Privatize the Nova Scotia Liquor Corporation—it’s a no-brainer
The Houston government made headlines recently by reducing the number of Crown corporations focused on economic development from five to two. In announcing the move, the premier pointed to an ongoing review of Crown corporations. As this process unfolds, the decision on one Crown corporation should be a no-brainer—it’s time to privatize the NSLC.
When asked about rumours that his government may privatize the NSLC earlier this year, Finance Minster Allan MacMaster downplayed the possibility but stopped short of ruling it out completely. Simply put, there are several reasons that Nova Scotians would benefit from a privatized NSLC.
Privatization, which has largely been successful elsewhere, would likely lead to more choice and convenience for consumers. Consider the experience of Alberta, which privatized the retail portion of liquor sales in the early 1990s. Research has shown that post-privatization, consumers benefited from increased competition with more stores, falling liquor prices and greater product selection. Crucially, research also finds “no evidence that the residents of Alberta have been exposed to increases in crime or liquor-related offenses as a direct result of privatization.”
As with most monopolies, the NSLC is profitable, having delivered $274.5 million in net income in its most recent fiscal year. Opponents of privatization point to this revenue. However, according to research, the Alberta government did not experience a loss of revenue from privatization and actually received more revenue through increased sales (and additional corporate income taxes from the new private-sector stores).
Profits from the sale of the NSLC—in whatever form—could be applied to the province’s debt, which will reach $18.4 billion this year. At this level of debt, government is expected to spend $676 million on interest costs this year alone. Reducing the debt by selling the assets of the NSLC would reduce these costs, which leaves more money for things such as health care and even tax relief.
Moreover, the NSLC has several lines of business including wholesale, distribution and retail.

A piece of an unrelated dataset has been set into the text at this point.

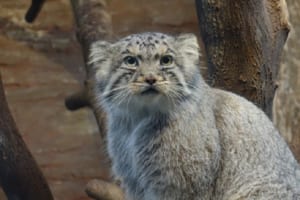 もふもふ猫のマヌルネコ！日本の動物園でもぬいぐるみのようにかわいい姿を見られる！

A breakdown of stores illustrates the lack of private-sector involvement. The NSLC currently operates 108 retail stores and an additional 65 agency stores. By comparison, the NSLC allowed just four private stores to open in 2002 (all in the HRM) and has not increased the number since. The kicker? The private sector largely provides better hours, better selection and more convenience for customers.
And yet, despite these potential benefits, interest groups will continue to resist privatization. For example, the NSGEU, Nova Scotia’s largest union, has steadfastly opposed privatization of all kinds including a previous proposal to privatize the NSLC in 2013.
Privatization is currently being considered in other provinces including Newfoundland and Labrador following a recommendation from that government’s Economic Recovery Team, which said “the provincial government should sell all or a majority interest in the Newfoundland and Labrador Liquor Commission.”
A review of the Nova Scotia’s 300 Crown corporations has garnered significant attention in the early days of the Houston government. While decisions on some of those entities may prove to be difficult, privatization of the NSLC would bring more choice for consumers, reduce government debt, and allow the government to focus spending on core priorities. Simply put, it’s a no-brainer.